- **Task prompt**
Go through the listing and set it down exactly, leaving out its pictures.

- **Given data**
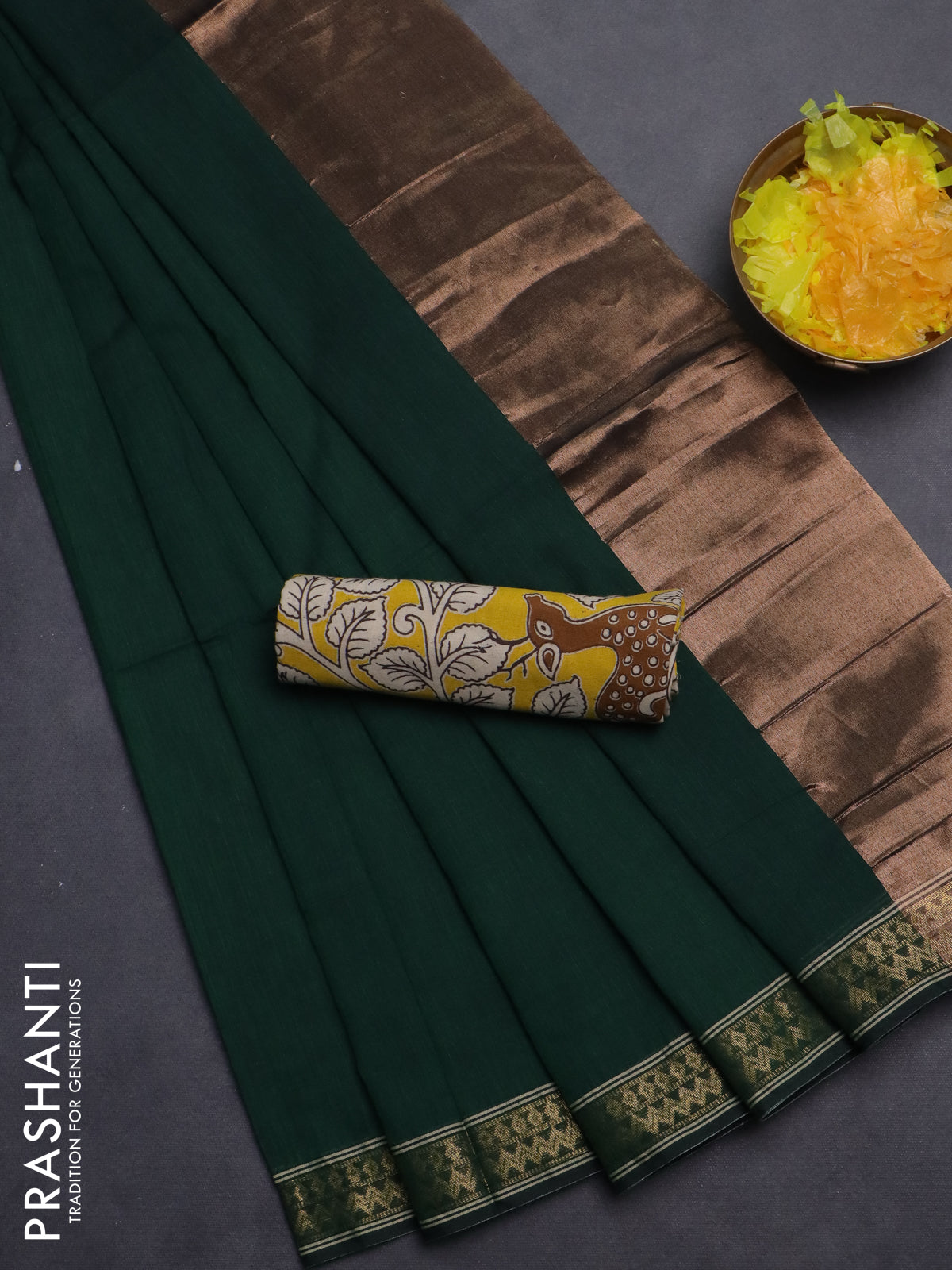 Bengal soft cotton saree green and yellow with plain body and zari woven border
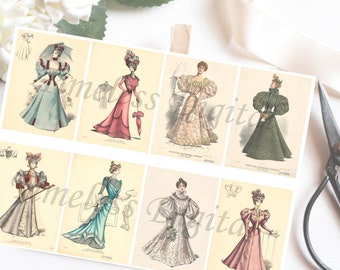 Victorian Ladies Fashion Digital Collage Sheet Vintage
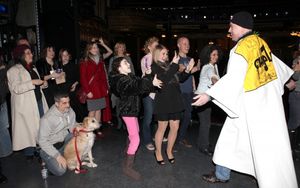 Bill Berloni, Lilla Crawford & Sunny with Merwin Foard & Company @ BroadwayWorld Bill Berloni, Lilla Crawford & Sunny with Merwin Foard & Company Photo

- **Exercise answer**
 Bengal soft cotton saree green and yellow with plain body and zari woven border
 Victorian Ladies Fashion Digital Collage Sheet Vintage
 Bill Berloni, Lilla Crawford & Sunny with Merwin Foard & Company @ BroadwayWorld Bill Berloni, Lilla Crawford & Sunny with Merwin Foard & Company Photo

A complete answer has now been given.